Romney “most recent ‘major policy speech’ included dishonest attacks and empty promises of change, but no new policy,” Smith said in a statement.
Obama has had a series of positive economic reports in recent weeks to point to as he argues that his policies are helping accelerate the recovery from the worst recession in more than seven decades.
Retail sales in September and August had the best back-to- back showing since late 2010. Cars and light trucks sold at a 14.9 million annual pace in September, the strongest since March 2008, according to Ward’s Automotive Group, as Chrysler Group LLC and General Motors Co. (GM), which were bailed out under Obama, reported gains.
Another area of improvement is the housing market as record-low mortgage rates stoke demand.
Alan Krueger, chairman of Obama’s Council of Economic Advisers, said in a blog post that “we have more work to do,” yet today’s report “provides further evidence that the economy is moving in the right direction.”
When Obama took office, U.S. GPD was shrinking at an annualized rate of 8.9 percent and unemployment was at 7.3 percent.

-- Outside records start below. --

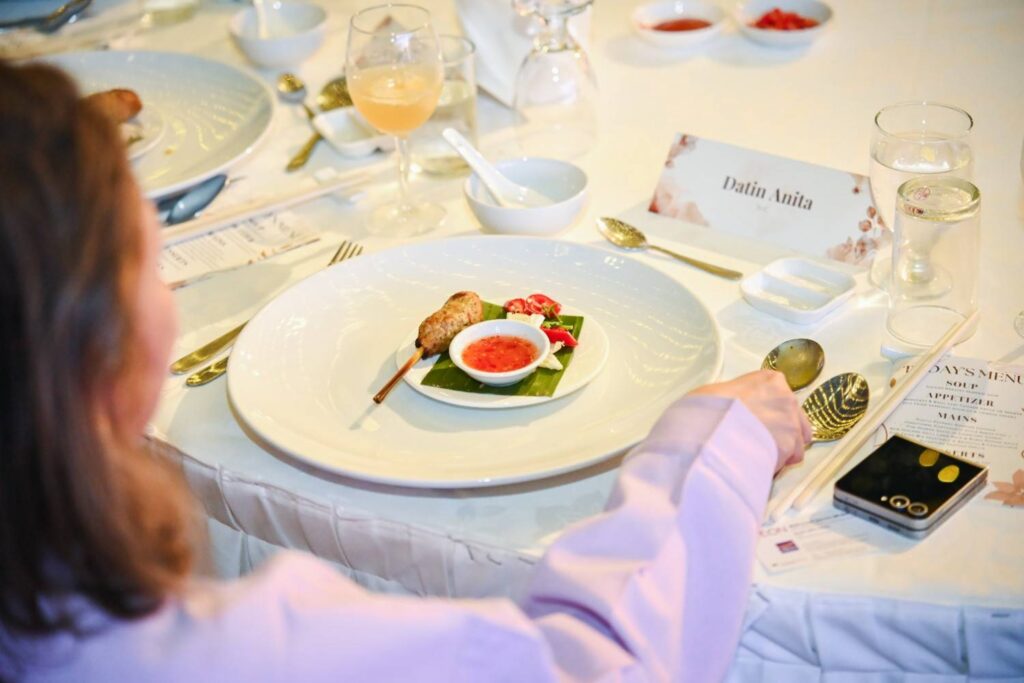 Plated chicken satay starter with chilli dip at a guest place setting, AEON biker event 2025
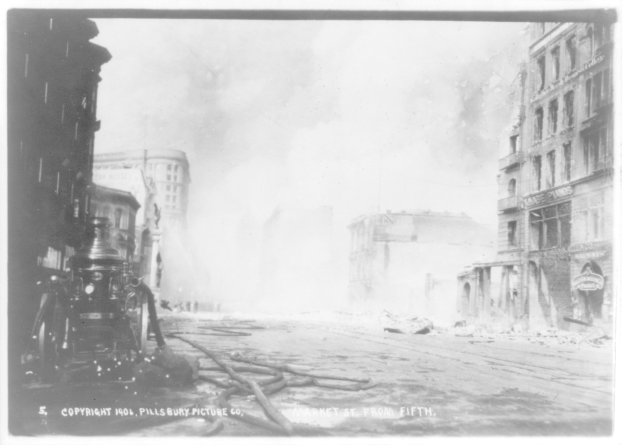 Schwarz-weiß-Foto einer Stadtstraße mit einem Feuerwehrauto auf der linken Seite, Gebäuden auf der rechten Seite und Rauch im Hintergrund, mit Text unten.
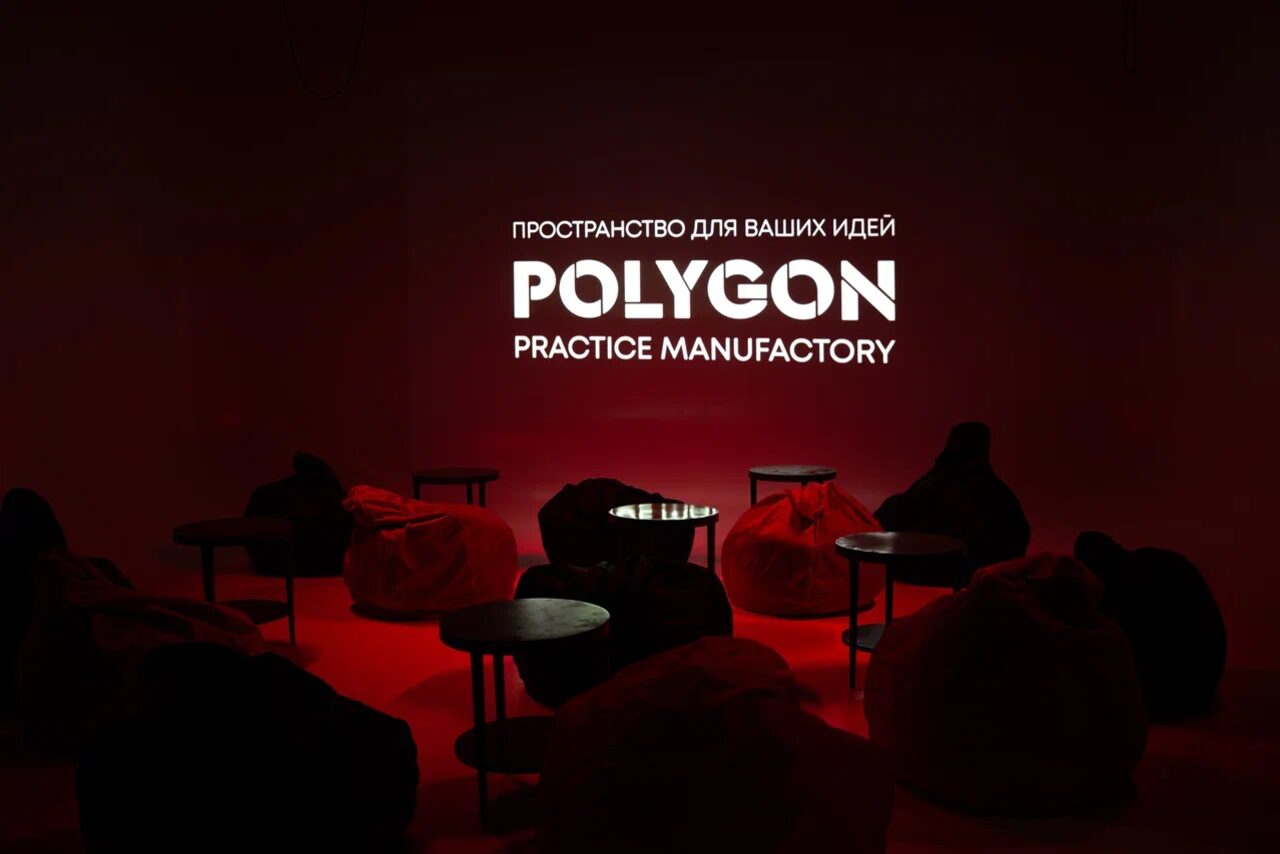 Арендовать Polygon(Полигон). Зал Вышка. Темное пространство с ярким красным освещением. Расставлены кресла-мешки и круглые небольшие столики. На стене надпись: «ПРОСТРАНСТВО ДЛЯ ВАШИХ ИДЕЙ POLYGON PRACTICE MANUFACTORY».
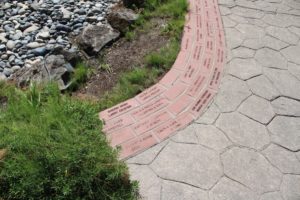 Engraved bricks line a path near the Chinook Plaza water feature in Parker's Landing Historical Park. (Post-Record file photo)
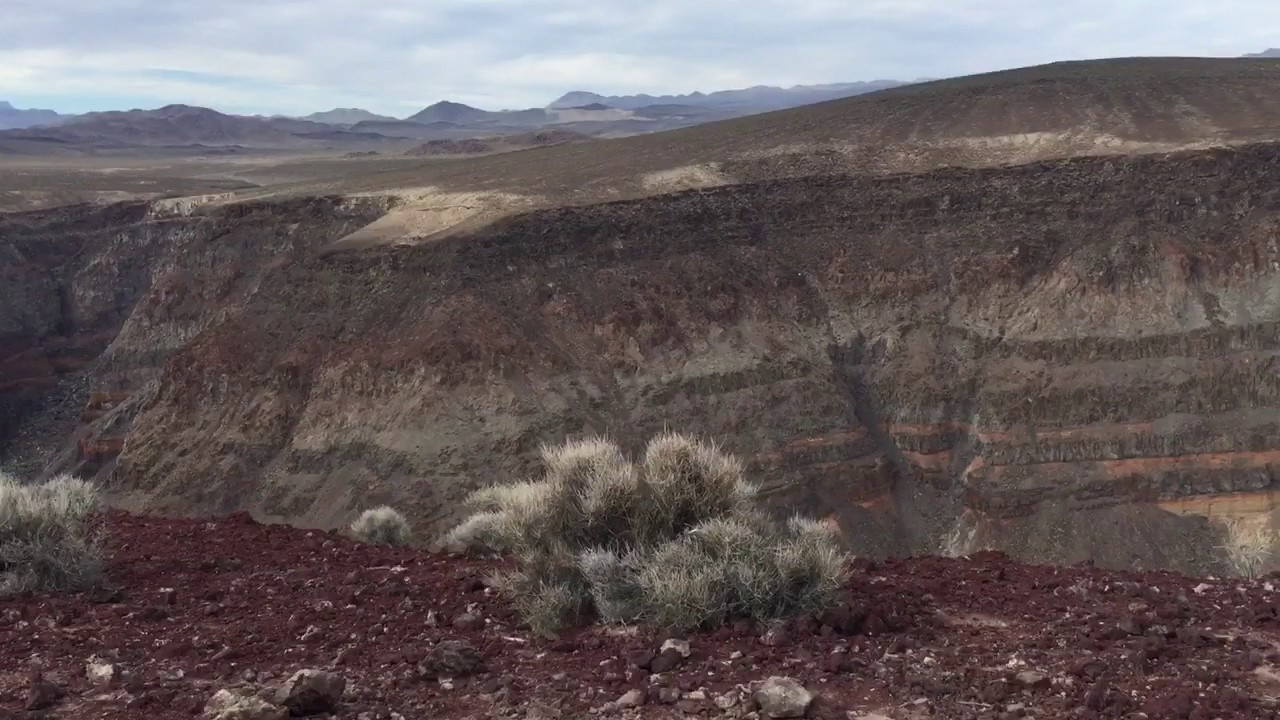 Navy Fighter Jet Flies Through Rainbow Canyon, Death Valley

The jobless rate peaked at 10 percent in October 2009. While it has since fallen to 7.8 percent last month, the slow climb out of the recession has increased the number of number of discouraged workers by 17.1 percent.
Gross federal debt has increased 45.5 percent to $16.2 trillion.
Still, consumer confidence has risen from 37.4 at the time of Obama’s inauguration in January 2009 to 70.3 last month, indicating increasing optimism. The Dow Jones Industrials Average has jump 64.8 percent and household net worth has climbed 22.4 percent.
Concern about the pace of recovery has remained a powerful force working to Romney’s advantage. That has kept the battle for voter support between Romney and Obama tight into the closing days of the campaign.
The latest Washington Post/ABC News national tracking poll shows Romney with 49 percent support among likely voters and Obama with 48 percent support, a result within the survey’s three percentage point margin of error.
Romney also touched on foreign policy, again arguing that Obama hasn’t fulfilled his promise to raise the standing of the U.S. in the world. Without giving specifics, he vowed he would pursue a more successful course.
“We’ll help the Muslim world combat the spread of extremism; we will dissuade Iran from building a nuclear bomb; we will build enduring relationships throughout Latin America; we’ll partner with China and other great nations to build a more stable and peaceful world.”
The campaigns have concentrated on the nine battleground states that account for 110 of the 270 Electoral College votes needed to win the presidency.
After his brief visit to Iowa today, Romney is scheduled to return to Ohio, where he started his day, for a rally tonight. He is expected to campaign in Florida tomorrow.
A super-storm predicted to develop from Hurricane Sandy is already affecting the campaign schedule along the East Coast. Romney’s campaign is citing the storm for cancellation of a campaign event set for Oct. 28 in Virginia Beach, Virginia.
The system, dubbed “Frankenstorm” by the National Weather Service, is projected to grow out of Sandy and two other storms rushing eastward across the U.S.